Resource Agent for PostgreSQL 9.1 streaming replication (for pg rex branch) - t-matsuo/resource-agents GitHub Wiki

(Thanks for translation, Mr. Yoshiharu Mori)

Bug report : https://github.com/t-matsuo/resource-agents/issues

This document is written for "pg-rex" branch. "pg-rex" branch is Maintenance Version. "pgsql91" branch is Development Version.

Outline

A synchronous replication was supported as a new feature in PostgreSQL 9.1. Pacemeker Resource agent (RA) for synchronous/asynchronous replication of PostgreSQL 9.1 is developed based on the pgsql resource agent of the Heartbeat community.

Term

The term was used in this document.

RA
- Resource agent
Master,Slave
- the state of Master/Slave resource of Pacemaker
PRI
- PostgreSQL works as Primary. The request of Read/Write can be processed in PRI as well as usual PostgreSQL, and data for the replication can be transmitted. Master of Pacemaker is basically corresponding to this state. At a synchronous replication, The transaction is stopped when the response from Standy PostgreSQL(HS) is lost.
HS
- PostgreSQL works as Hot Standby. Only the request of Read is available. The data of the replication can be received from PRI. Because PostgreSQL cannot change the state from PRI to HS directory, the state may not be constistent to Slave of Pacemaker though the state changes to Pacemaker with Master-> Slave.
Asynchronous mode
- Make the asynchronization replication of PostgreSQL HA cluster with RA. Only when HS works normally by the asynchronization replication, the failover of Master is possible.
Synchronous mode
- Make the synchronous replication of PostgreSQL HA cluster with RA. HS works as the synchronous mode as a normal, However, HS's breaking down or removing LAN HS move to asynchronization mode (automatic switch). Only when HS works as a synchronous mode, the failover of Master is possible.
Replication mode
- The asynchronous mode and the synchronous mode are generically called a replication mode.
Replication mode switch
- At the synchronous mode, The Replication mode switches the synchronous to the asynchronous replication.
D-LAN
- LAN that throws packet of data replication. Please use bonding for the fault tolerance.
S-LAN
- LAN to provide service. In the current Act-Standby composition, it is equal to LAN that gives virtual IP. Please use bonding for the fault tolerance.
IC-LAN
- LAN (inter connection LAN) that throws packet of communication of heartbeat of Pacemaker. Two or more is recommended.

Function

Failover of Master

RA manages the Master when PostgreSQL is PRI, the Slave when PostgreSQL is HS. If PRI breaks down, RA detects this fault and makes PRI to stop, and HS is promoted to new PRI (promote).
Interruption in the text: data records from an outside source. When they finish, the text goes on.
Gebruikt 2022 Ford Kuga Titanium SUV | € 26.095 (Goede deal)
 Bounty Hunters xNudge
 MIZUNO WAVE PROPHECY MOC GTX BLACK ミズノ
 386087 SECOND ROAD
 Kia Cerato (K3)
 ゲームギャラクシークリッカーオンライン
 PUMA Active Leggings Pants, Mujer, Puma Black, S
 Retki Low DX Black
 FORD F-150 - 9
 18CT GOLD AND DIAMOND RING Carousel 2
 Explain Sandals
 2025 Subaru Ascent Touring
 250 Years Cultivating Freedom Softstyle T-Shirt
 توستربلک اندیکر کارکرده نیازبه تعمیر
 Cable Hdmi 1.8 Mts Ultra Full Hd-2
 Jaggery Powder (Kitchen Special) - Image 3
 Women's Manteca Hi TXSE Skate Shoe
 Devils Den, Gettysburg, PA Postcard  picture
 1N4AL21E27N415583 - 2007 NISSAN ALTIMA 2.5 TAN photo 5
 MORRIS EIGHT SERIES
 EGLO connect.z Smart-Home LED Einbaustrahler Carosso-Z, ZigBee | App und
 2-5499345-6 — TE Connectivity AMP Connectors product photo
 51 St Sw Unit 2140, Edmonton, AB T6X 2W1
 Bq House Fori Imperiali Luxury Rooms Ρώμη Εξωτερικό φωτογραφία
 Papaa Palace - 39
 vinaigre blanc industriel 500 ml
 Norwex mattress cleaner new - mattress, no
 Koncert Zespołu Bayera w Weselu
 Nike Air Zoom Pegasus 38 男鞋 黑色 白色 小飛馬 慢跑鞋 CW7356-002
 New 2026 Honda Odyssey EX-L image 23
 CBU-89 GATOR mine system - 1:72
Automated discrimination of data old and new when initial starts

When Pacemaker of two or more nodes is started at the same time in the initial starts, RA compare the data of each node using last xlog replay location to check which node has the newest data. The node which has the newest data will be PRI. Of cource the node becomes PRI when Pacemaker is started only one node or it starts for the first time too. RA judges it based on the state of the data when having stopped before.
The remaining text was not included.